5. Cost savings and value
According to the Hiscox Cyber Readiness Report 2021, the average cost of a single cyber attack to a small business in the U.S. is $25,612. Because only about 40% of SMBs operate at a profit — the loss of data and cost to recover it, downtime to restart operations, and hefty fines can be a steep price.
As cyber-attacks grow more sophisticated and complex every day, it’s important to weigh the cost of dealing with one attack versus the value of taking preventative measures. By mitigating risks, you put your business in a better position to respond, recover, and keep existing customers happy — a far more cost-efficient option than attracting new ones.
6. Brand trust and reputation
The most significant case to make for the benefits of cyber security in business is the reputation you earn.
One of the most important factors in business growth is customer retention. Maintaining brand loyalty through a robust cyber security position is paramount for customers today and the shortest path to repeat business, recommendations, and higher per-ticket purchases.

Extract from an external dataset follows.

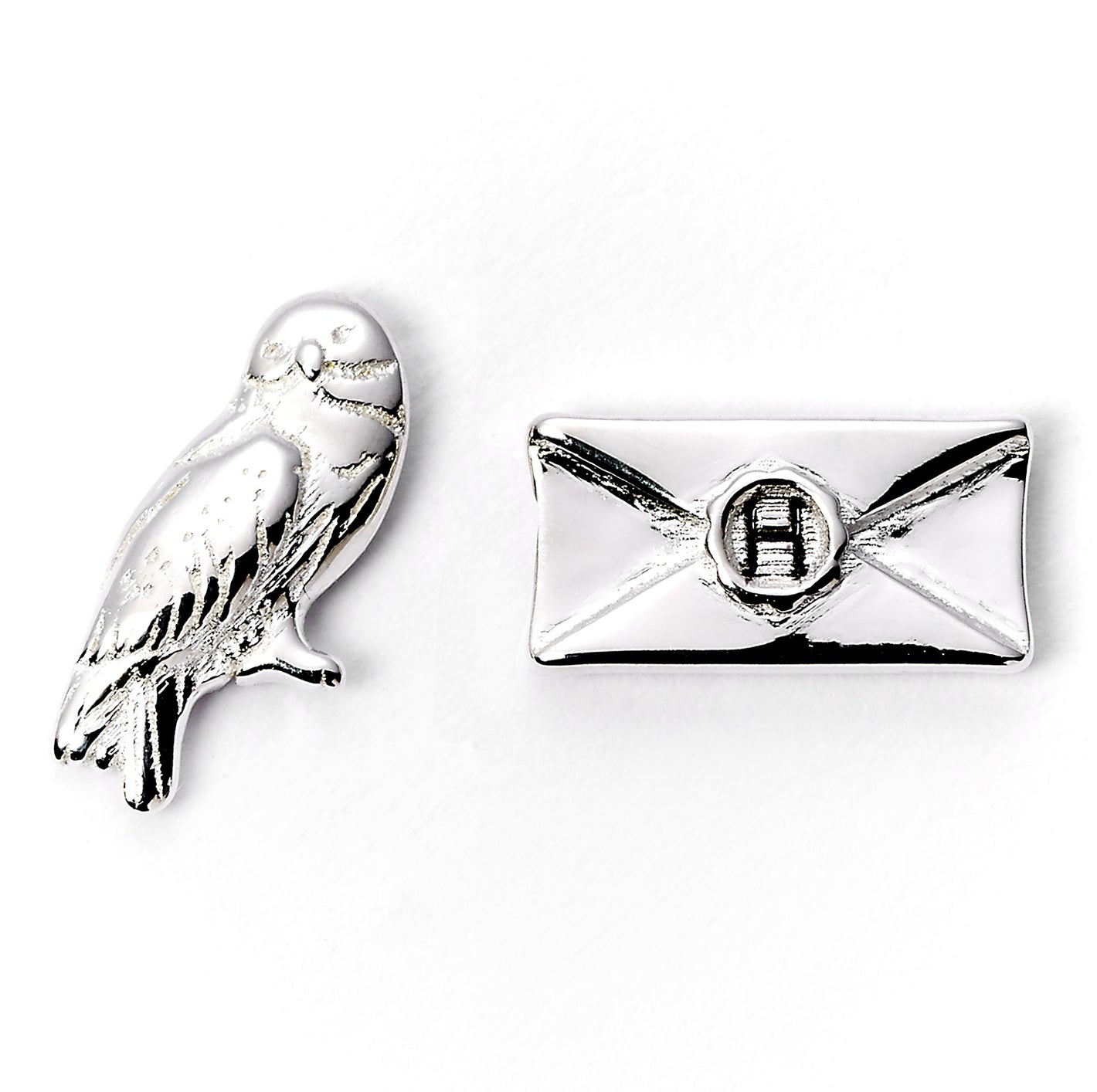 Hedwig and Acceptance Letter Stud Earrings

It also opens doors to potential future ventures and expansion, helping producers land on the vendor list with larger organizations as part of their supply chain — that are only as strong as their weakest link. According to the National Institute of Information Technology (NIST), the factors that allow for low-cost interoperability and rapid innovation also increase the risk of compromise. With so many high-profile cyber breaches in the past two years alone, larger companies are closely examining the cyber security practices of third-party vendors.